The first hypothesis we will explore is that a difference in the amount of dialogue between the two parts of the text may give rise to several of the differences we have found. The paper will investigate whether this is the case. We will present an analysis of the vocabulary of both authors differentiating between dialogue, narrator's text, and erlebte Rede' (narrated monologue). We will also list other possibly differentiating elements and test whether these play a part in the contrast we discovered by using Yule's K and Burrows's Delta. This qualitative phase in the research is meant to yield an overview of elements contributing to the (quantitative) contrast on the one hand, and to lead us to a list of key elements in the lexicon of the two authors on the other.

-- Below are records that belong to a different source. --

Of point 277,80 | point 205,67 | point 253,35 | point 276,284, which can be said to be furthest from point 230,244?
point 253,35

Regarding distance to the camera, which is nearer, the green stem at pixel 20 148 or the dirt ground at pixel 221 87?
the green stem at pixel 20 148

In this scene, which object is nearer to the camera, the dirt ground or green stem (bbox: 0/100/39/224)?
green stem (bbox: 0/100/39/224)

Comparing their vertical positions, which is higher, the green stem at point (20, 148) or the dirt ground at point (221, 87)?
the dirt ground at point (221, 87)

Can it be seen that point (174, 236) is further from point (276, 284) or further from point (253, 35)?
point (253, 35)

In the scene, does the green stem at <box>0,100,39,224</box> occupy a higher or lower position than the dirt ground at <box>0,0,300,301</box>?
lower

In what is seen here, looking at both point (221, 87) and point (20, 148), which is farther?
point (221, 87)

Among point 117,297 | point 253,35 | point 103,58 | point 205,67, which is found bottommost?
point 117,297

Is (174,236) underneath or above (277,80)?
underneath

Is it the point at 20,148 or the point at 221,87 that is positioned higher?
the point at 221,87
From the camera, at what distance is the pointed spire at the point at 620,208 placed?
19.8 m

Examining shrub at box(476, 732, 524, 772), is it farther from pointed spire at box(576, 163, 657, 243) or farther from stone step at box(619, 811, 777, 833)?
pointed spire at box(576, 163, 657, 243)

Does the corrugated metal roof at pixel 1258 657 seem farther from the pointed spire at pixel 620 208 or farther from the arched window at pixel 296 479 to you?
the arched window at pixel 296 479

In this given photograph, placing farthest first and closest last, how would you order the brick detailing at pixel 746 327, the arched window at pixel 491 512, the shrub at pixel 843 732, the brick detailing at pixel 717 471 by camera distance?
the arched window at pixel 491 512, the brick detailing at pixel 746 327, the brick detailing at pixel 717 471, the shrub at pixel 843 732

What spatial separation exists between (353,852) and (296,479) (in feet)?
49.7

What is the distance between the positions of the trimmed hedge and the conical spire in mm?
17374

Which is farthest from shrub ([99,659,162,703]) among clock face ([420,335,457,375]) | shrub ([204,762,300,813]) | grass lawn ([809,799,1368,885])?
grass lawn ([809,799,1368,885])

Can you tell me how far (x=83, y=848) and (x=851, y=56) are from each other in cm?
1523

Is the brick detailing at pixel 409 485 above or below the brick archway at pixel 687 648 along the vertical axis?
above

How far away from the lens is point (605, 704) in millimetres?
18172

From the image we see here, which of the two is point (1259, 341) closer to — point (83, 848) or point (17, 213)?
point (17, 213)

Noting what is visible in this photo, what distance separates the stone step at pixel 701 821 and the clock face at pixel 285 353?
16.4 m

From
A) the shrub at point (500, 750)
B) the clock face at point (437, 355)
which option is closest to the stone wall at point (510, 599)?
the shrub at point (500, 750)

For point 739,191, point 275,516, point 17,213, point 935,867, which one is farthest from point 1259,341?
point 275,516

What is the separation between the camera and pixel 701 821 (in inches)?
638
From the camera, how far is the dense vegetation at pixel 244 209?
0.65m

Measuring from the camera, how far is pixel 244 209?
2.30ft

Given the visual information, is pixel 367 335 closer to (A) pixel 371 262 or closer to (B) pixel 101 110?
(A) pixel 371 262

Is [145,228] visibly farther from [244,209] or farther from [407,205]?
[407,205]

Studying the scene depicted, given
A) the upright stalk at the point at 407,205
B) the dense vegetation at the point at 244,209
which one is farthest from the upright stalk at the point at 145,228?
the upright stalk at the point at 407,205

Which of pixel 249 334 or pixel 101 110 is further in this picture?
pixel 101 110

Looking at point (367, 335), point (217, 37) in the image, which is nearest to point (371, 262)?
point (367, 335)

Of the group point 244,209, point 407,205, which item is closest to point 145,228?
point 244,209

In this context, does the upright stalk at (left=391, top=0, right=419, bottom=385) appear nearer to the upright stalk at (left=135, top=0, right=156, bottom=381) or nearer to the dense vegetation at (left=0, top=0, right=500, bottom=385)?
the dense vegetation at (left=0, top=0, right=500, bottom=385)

The list of actual differences will be the input for a new quantitative and qualitative literary analysis of the character and voice of Penninc and Vostaert. Furthermore, we will look forward to the next purely quantitative step we hope to take, in which the results of the above can help us to establish a formula for authorship distinction in the genre of Middle Dutch Arthurian Romance, and help us, so to speak, to leap from the mining to the modelling of the differences.